By David S. Hilzenrath
Washington Post Staff Writer
Saturday, March 25, 2006
The chairman and chief executive of Capital One Financial Corp., Richard D. Fairbank, gained almost $250 million from exercising stock options last year, the company reported last week.
Fairbank, 55, has built the McLean company into one of the nation's largest issuers of credit cards. Since 1997 he has chosen to forego all salary and bonus and instead take his pay in stock and options, company spokeswoman Julie Rakes said by e-mail.
In 2004, Fairbank exercised options worth $56.5 million, and in 2001, he reaped a gain of $142.2 million, according to company documents filed with the Securities and Exchange Commission.
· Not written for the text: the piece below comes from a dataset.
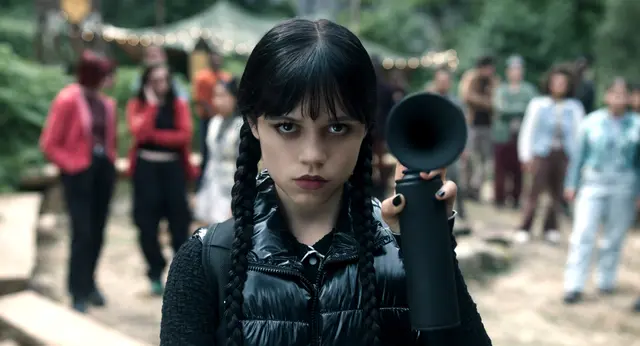 "Wednesday" Staffel 2 startet im August auf Netflix. | Foto: COURTESY OF NETFLIX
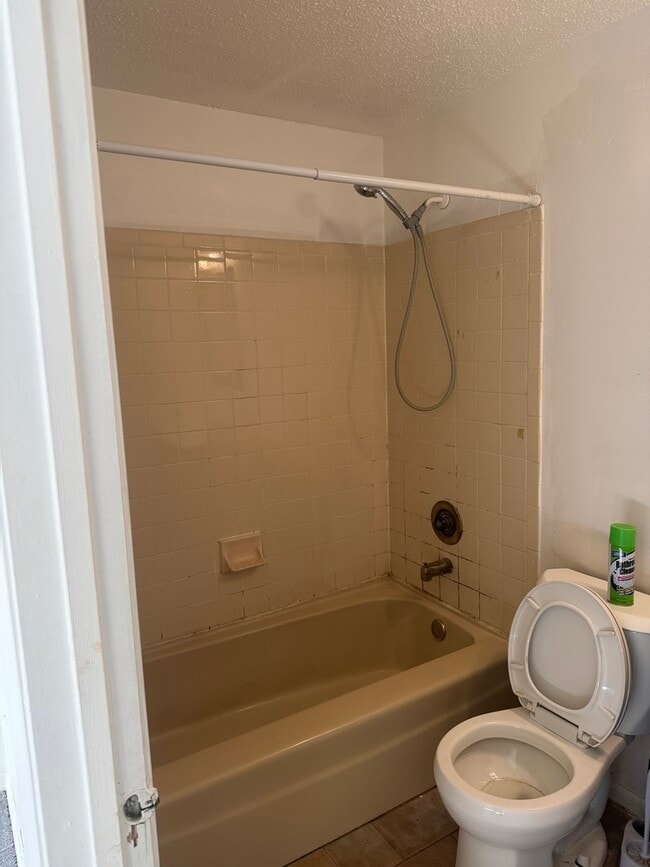 Building Photo - 1009 Pheasant Run Ln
Fairbank still held options worth more than $300 million at the end of 2005, the vast majority of which he could have cashed in, according to SEC documents. He also held Capital One shares worth about $200 million.
Fairbank's stock options, detailed in SEC documents filed last week, were reported Friday in the Wall Street Journal.
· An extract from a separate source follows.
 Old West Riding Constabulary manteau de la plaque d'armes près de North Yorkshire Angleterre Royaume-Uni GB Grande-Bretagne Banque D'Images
Options give an individual the right to buy stock at a set price, a valuable perk when the stock price rises.
All but 6,180 of the more than 3.6 million options Fairbank exercised last year were granted in 1995 and were set to expire last year, Rakes said.
David L. Yermack, an associate professor of finance at New York University's Stern School of Business, said it is rare for top executives to hold onto their options for a full 10-year term. "Most people tend to exercise early and take their money off the table," Yermack said, adding that Fairbank's approach appears to have been a vote of confidence in the company's stock. However, why Fairbank was awarded that many options "is a fair question," said Yermack, who studies executive compensation.